# Problem
Transcribe, word for word, all of the entries below, and exclude any pictures from the copy.

# Dataset records
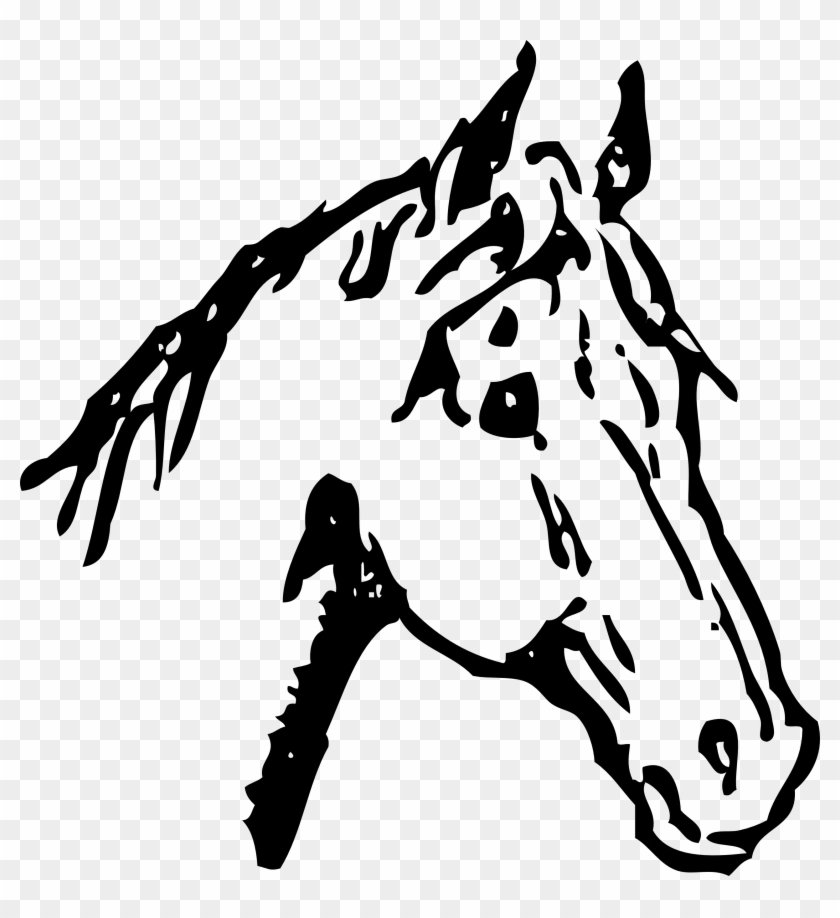 Horse - Clipart - Black - And - White - Black And White Horse Head #596503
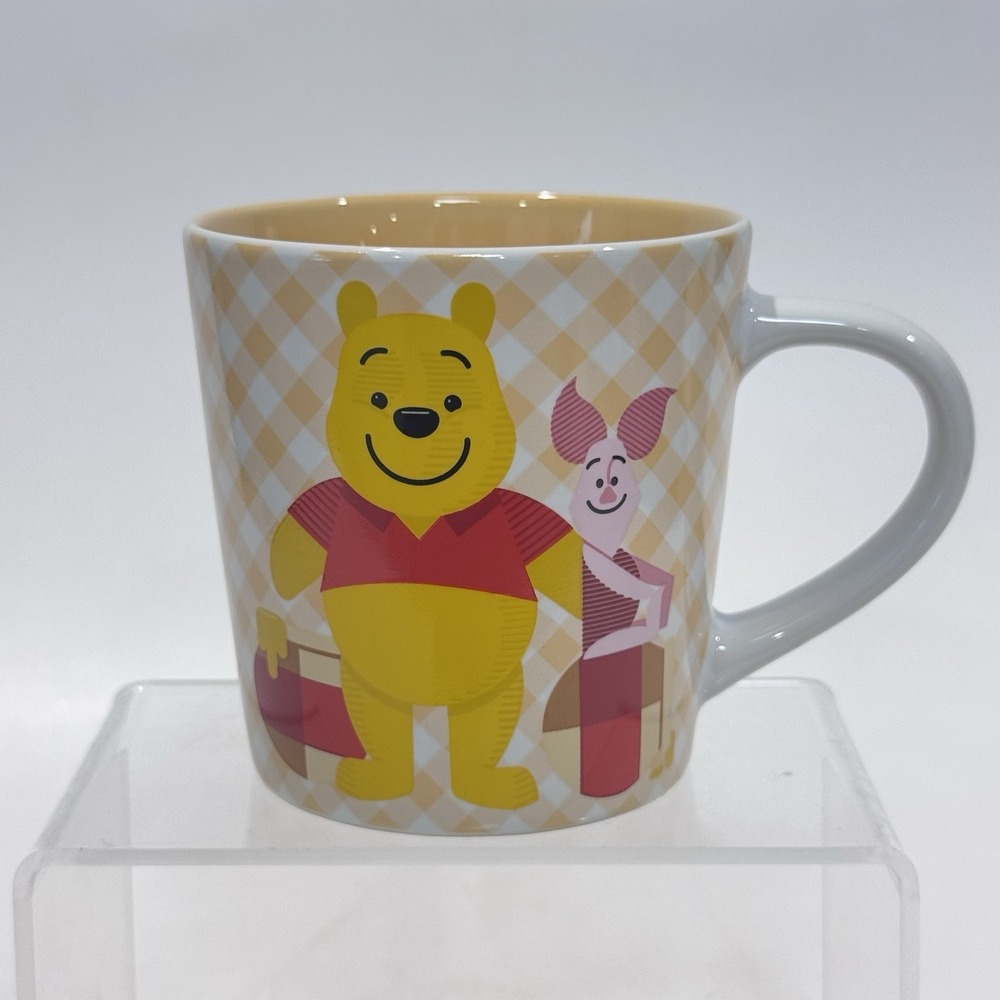 Disney Store Winnie the Pooh & Piglet Checkered Coffee Tea Mug Cup 2018 8oz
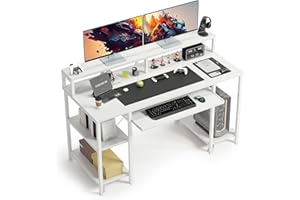 47 Inch Computer Desk, Home Office with Keyboard Tray, Gaming with Full Monitor Stand, Storage Shelves & CPU Stand, Modern St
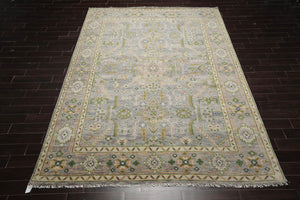 9x12 Hand Knotted Oushak 100% Wool Oushak Transitional Oriental Area Rug Gray,Beige Color - Oriental Rug Of Houston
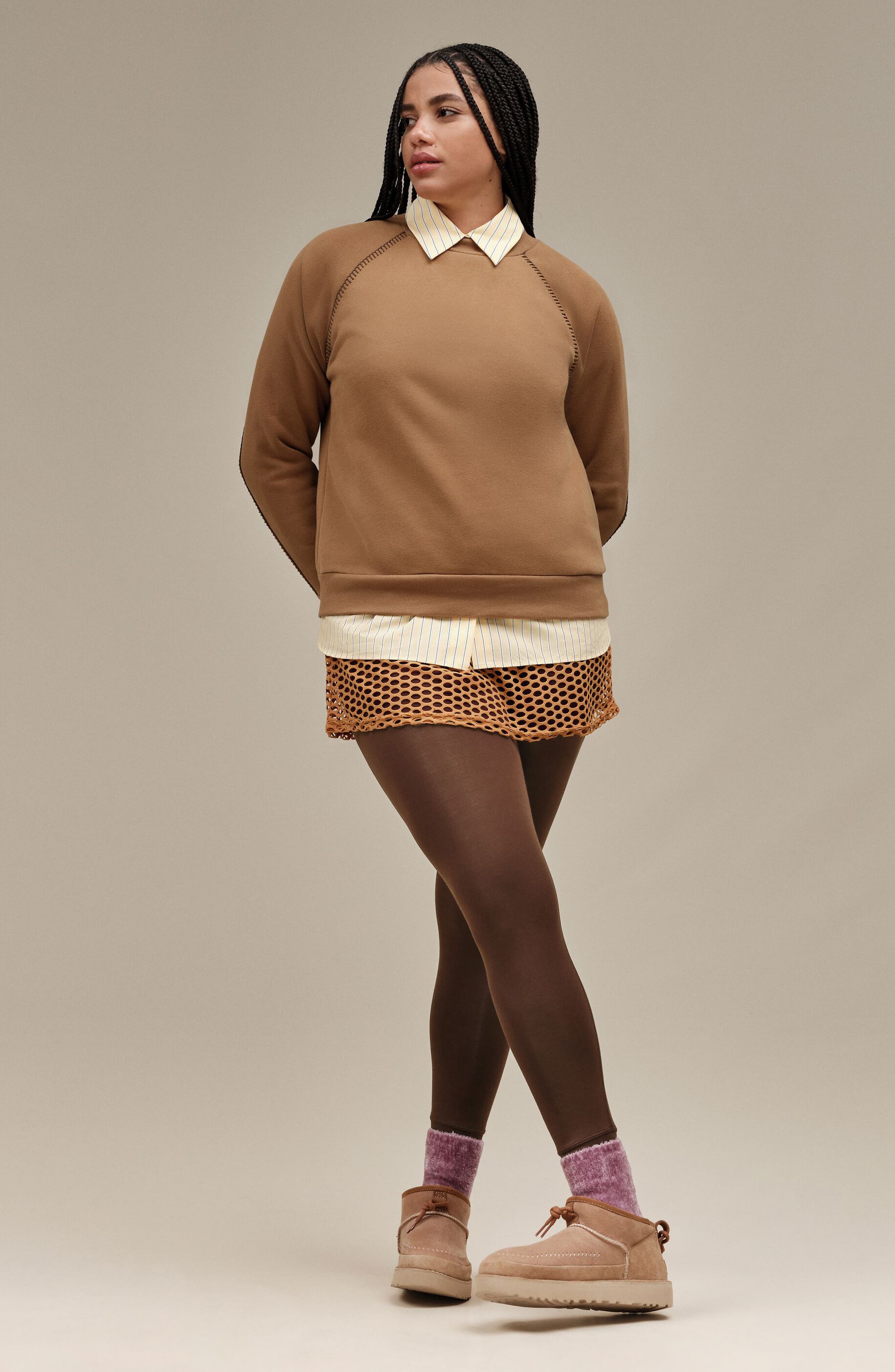 UGG<sup>®</sup> Gender Inclusive Ultra Mini Crafted Regenerate Genuine Shearling Lined Bootie, Alternate, color, Sand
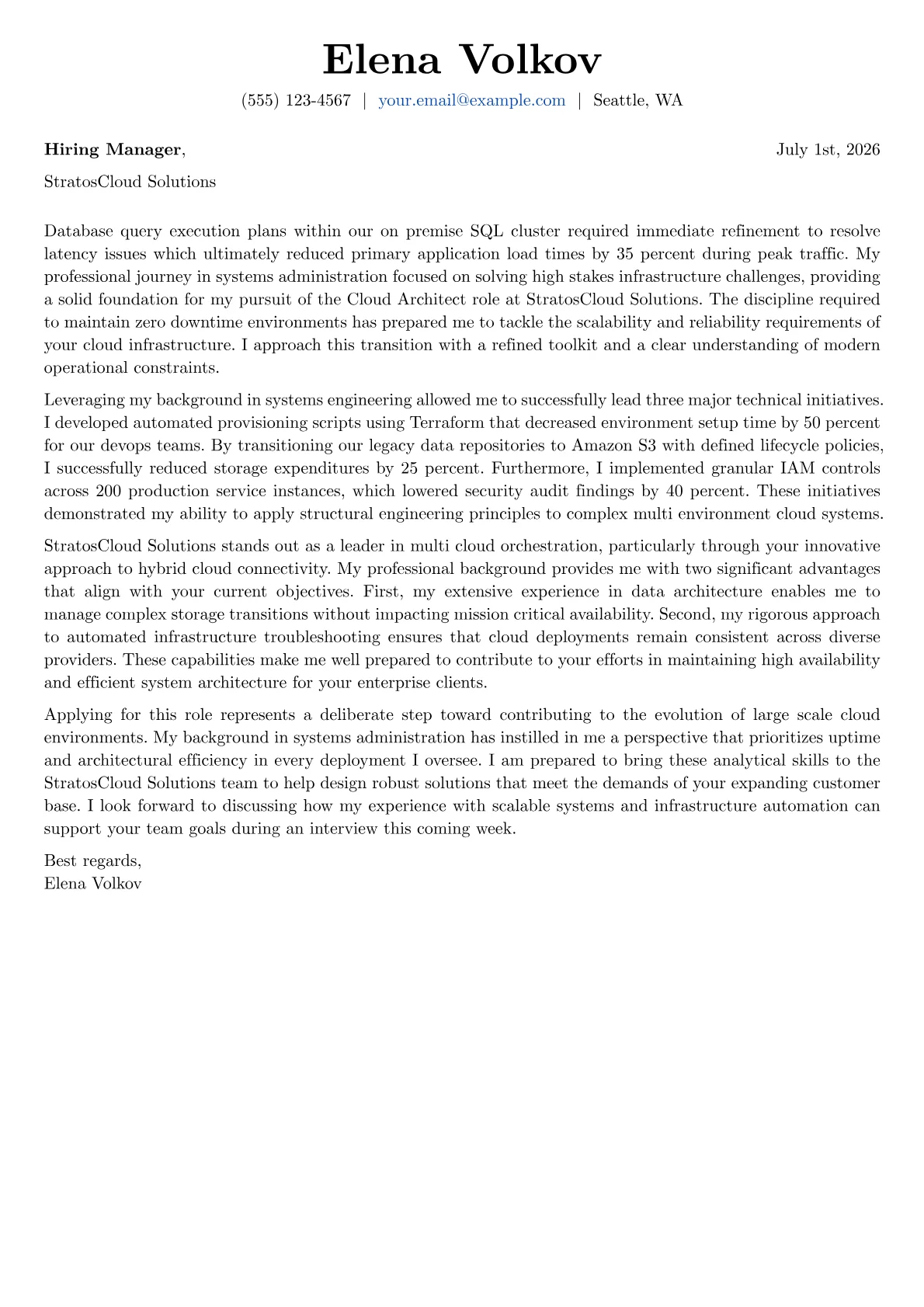 Cloud Architect cover letter in the Basic design
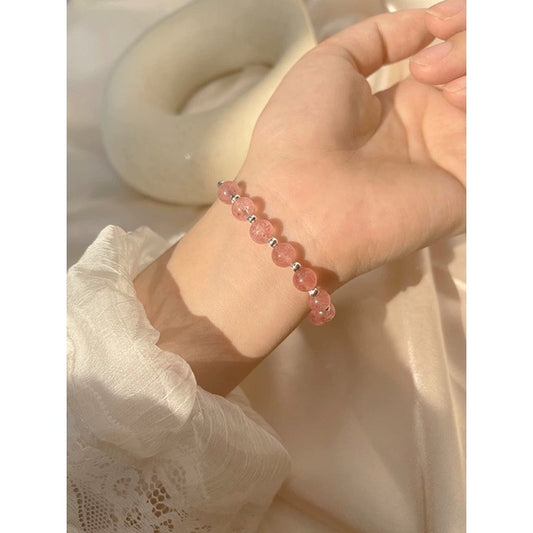 (S2305Q)現貨s925銀手鍊女甜美草莓晶手鍊氣質圓珠手鍊夏季手飾品【開運堂】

# Problem solution
 Horse - Clipart - Black - And - White - Black And White Horse Head #596503
 Disney Store Winnie the Pooh & Piglet Checkered Coffee Tea Mug Cup 2018 8oz
 47 Inch Computer Desk, Home Office with Keyboard Tray, Gaming with Full Monitor Stand, Storage Shelves & CPU Stand, Modern St
 9x12 Hand Knotted Oushak 100% Wool Oushak Transitional Oriental Area Rug Gray,Beige Color - Oriental Rug Of Houston
 UGG<sup>®</sup> Gender Inclusive Ultra Mini Crafted Regenerate Genuine Shearling Lined Bootie, Alternate, color, Sand
 Cloud Architect cover letter in the Basic design
 (S2305Q)現貨s925銀手鍊女甜美草莓晶手鍊氣質圓珠手鍊夏季手飾品【開運堂】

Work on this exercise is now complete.